Mineola Board of Education Vice President Terence Hale announced his resignation from the school board at Wednesday night’s meeting, citing a demand filed by outgoing board Trustee Irene Parrino with the state education commissioner for his removal from the board.
Hale said the school board had been named as a co-respondent in papers Parrino filed with the state on May 22 that claimed Hale had sent “inappropriate” e-mails to board members in mid-April.
He said he was resigning because he did not want the school district to incur legal costs responding to the allegations.

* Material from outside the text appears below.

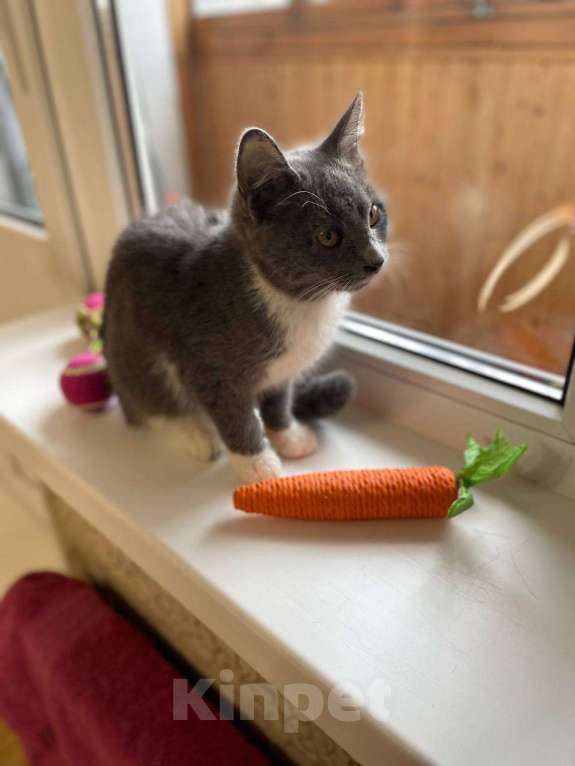 Кошки в Москве: Котёнок Тима (Тимофей) Мальчик, Бесплатно - фото 2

“I will not allow one taxpayer dollar to be wasted on this frivolous action,” Hale said. “Therefore I have decided that it is in the best interest of the district that I step down as a member of this board.”
In a long statement read to a meeting room crowded with his supporters, a visibly emotional Hale called the e-mails “Terryisms” and without identifying their contents said they “had been misunderstood.”
He said his resignation would be effective at midnight, July 2.
“This is a sad day and probably the worst in my life,” Hale continued. “I have served you, the good people of the Mineola School District, faithfully and compassionately for five years as an elected board member.”
Hale said he had apologized in writing and verbally to his fellow board members about the e-mails and said it was his “belief” that his apology had been accepted.
Parrino said she filed the complaint against Hale the day after she lost her board seat to educator Patricia Navarra, who like Hale had disagreed with Parrino over the district’s heatedly debated reconfiguration plan two years ago.
“You had three years to bring something to this community and you failed. You failed and they voted you out,” Hale said in remarks directed to Parrino.
Hale concluded his statement by apologizing to school district residents.
“I’m sorry. I let you down and hope you will allow me to make it up to you,” he said. “A few poorly chosen words on my part makes me unable to continue to serve you as trustee at this time.”
After the meeting, Hale declined to specify what the e-mails said and called Parrino’s action “nothing more than a frivolous attack on my character.”
He added that he considered the e-mails to be “personal and confidential.”
Asked whether he would consider running for the school board again, he said, “Absolutely.”
Parrino also declined to provide details of what the e-mails contained.
“What he said in those e-mails was inappropriate,” she said, describing their content as “demeaning” and “derogatory.”
She said Hale’s e-mails to fellow board members included references to an incident at the Jackson Avenue School earlier this year when one boy saved a friend from choking on a carrot. She said Hale also made “demeaning” comments about district teachers.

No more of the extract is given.